Start of AVAILABLE RECORDS

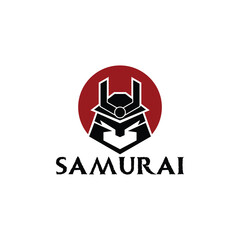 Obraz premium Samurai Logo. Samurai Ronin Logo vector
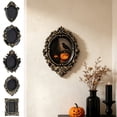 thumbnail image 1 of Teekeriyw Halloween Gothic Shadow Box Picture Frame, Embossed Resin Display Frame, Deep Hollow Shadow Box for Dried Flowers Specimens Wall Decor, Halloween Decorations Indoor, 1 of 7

End of AVAILABLE RECORDS
Start of AVAILABLE RECORDS

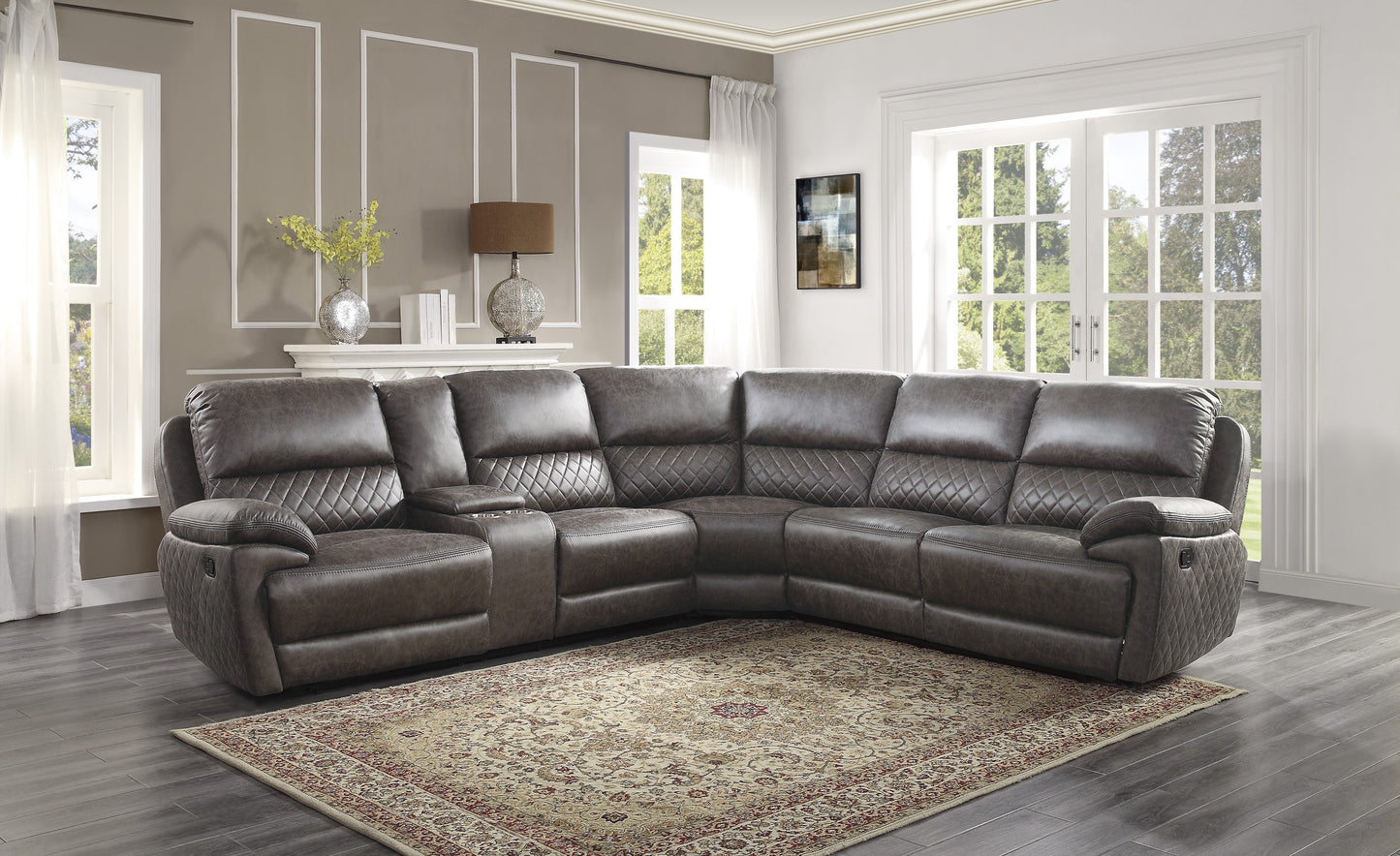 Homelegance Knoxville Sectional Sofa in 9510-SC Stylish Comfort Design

End of AVAILABLE RECORDS

ACTIVITY.
Output exactly the lines above, from the line with "Obraz premium Samurai" to the line with "thumbnail image 1", both included; skip the pictures.

RESULT.
 Obraz premium Samurai Logo. Samurai Ronin Logo vector
 thumbnail image 1 of Teekeriyw Halloween Gothic Shadow Box Picture Frame, Embossed Resin Display Frame, Deep Hollow Shadow Box for Dried Flowers Specimens Wall Decor, Halloween Decorations Indoor, 1 of 7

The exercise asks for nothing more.